● INFORMATION SHOWN:
━━━━━━━━━━━━━━━━━━━━

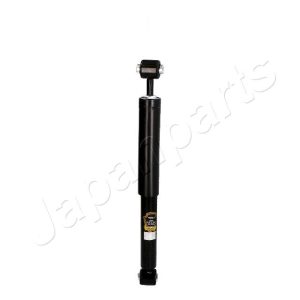 Amortizor JAPANPARTS MM-01001 – PEOUGET | AutoRival
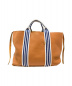 CELINE (セリーヌ) Small Soft Cabas タン サイズ:- カバス　リバーシブルトート：74800円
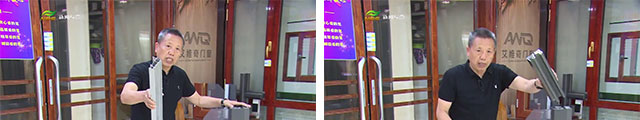 老汪小課堂 | 新房裝修多久可以入??？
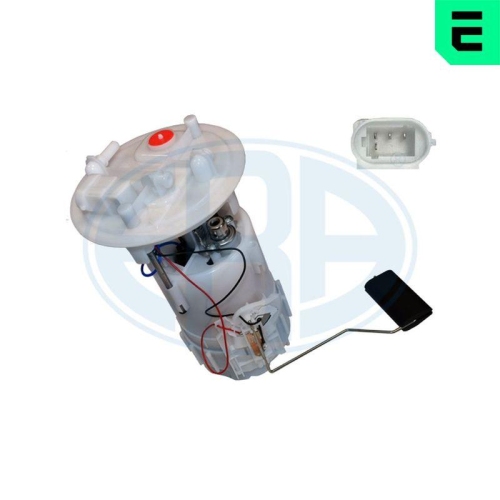 ERA Kraftstoff-F&ouml;rdereinheit 775724A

━━━━━━━━━━━━━━━━━━━━

● THE PROBLEM:
Set the lines down exactly as they stand, from the one containing "老汪小課堂 | 新房裝修多久可以入??？" through the end of the listing, omitting every picture.

● RESULT:
 老汪小課堂 | 新房裝修多久可以入??？
 ERA Kraftstoff-F&ouml;rdereinheit 775724A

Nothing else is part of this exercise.